You can scale out your app to multiple containers by adding autoscaling.

Scaling Horizontally (Adding More Containers)

When you deploy a Task Queue or endpoint, Beam creates a queueing system that manages each task that’s created when your API is called.

You can configure how Beam will scale based on how many things are in the task queue.

Scale by Queue Depth

Our simplest autoscaling strategy allows you to scale by the number of tasks in the queue.

This allows you to control how many tasks each container can process before scaling up. For example, you could setup an autoscaler to run 30 tasks per container. When you pass 30 tasks in your queue, we will add a container. When you pass 60, we’ll add another containers (up until max_containers is reached).

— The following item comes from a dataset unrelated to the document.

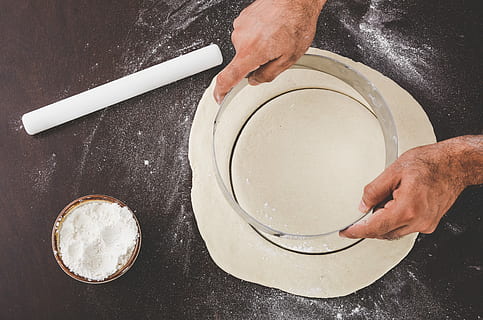 persona, detenzione, grigio, telaio in acciaio, tagliapasta, cucinare, infornare, preparare, mani, fiore, taglio, tavolo, dall'alto al basso, cottura al forno, mano, cucina, cucinando, mano umana, parte del corpo umano, cibo e bevande, cibo, Impasto, preparazione, Farina, in casa, bancone della cucina, utensile da cucina, attrezzature domestiche, freschezza, una persona, stanza domestica, cucina commerciale, preparando il cibo, capocuoco, Pizza, stabilimento di alimenti e bevande, miscelazione, 4K, CC0, dominio pubblico, privo di copyright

from beam import QueueDepthAutoscaler, endpoint

autoscaling_config = QueueDepthAutoscaler(
    max_containers=5,
    tasks_per_container=30,
)

@endpoint(autoscaler=autoscaling_config)
def function():
    ...

Setting Always-On Containers

You can configure the number of containers running at baseline using the min_containers field.

By setting min_containers=1, 1 container will always remain running until the deployment is stopped.

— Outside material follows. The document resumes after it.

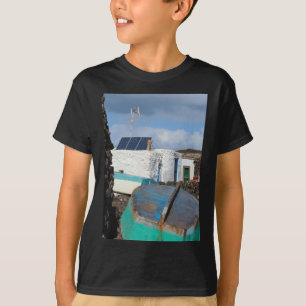 Lobos Island Fischerei Hütten Vertikale Aufkleber T-Shirt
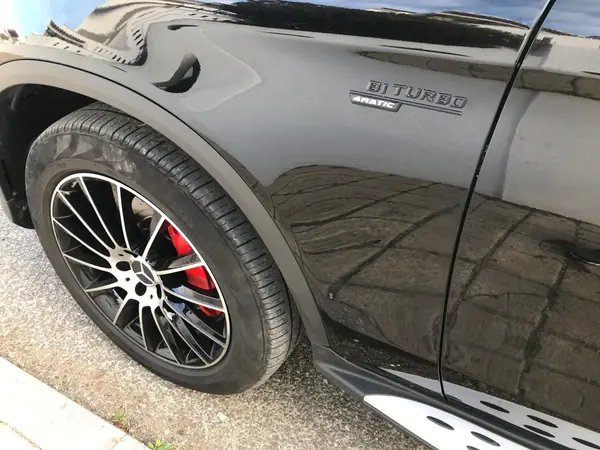 Mercedes-Benz GLC 250 2017 — foto 3 de 14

If you redeploy an app that has min_containers set, make sure to explicitly stop the previous deployment versions in order to avoid running containers that you are no longer using.

from beam import endpoint, QueueDepthAutoscaler


@endpoint(
    autoscaler=QueueDepthAutoscaler(
        min_containers=1, max_containers=3, tasks_per_container=1
    ),
)
def handler():
    return {"success": "true"}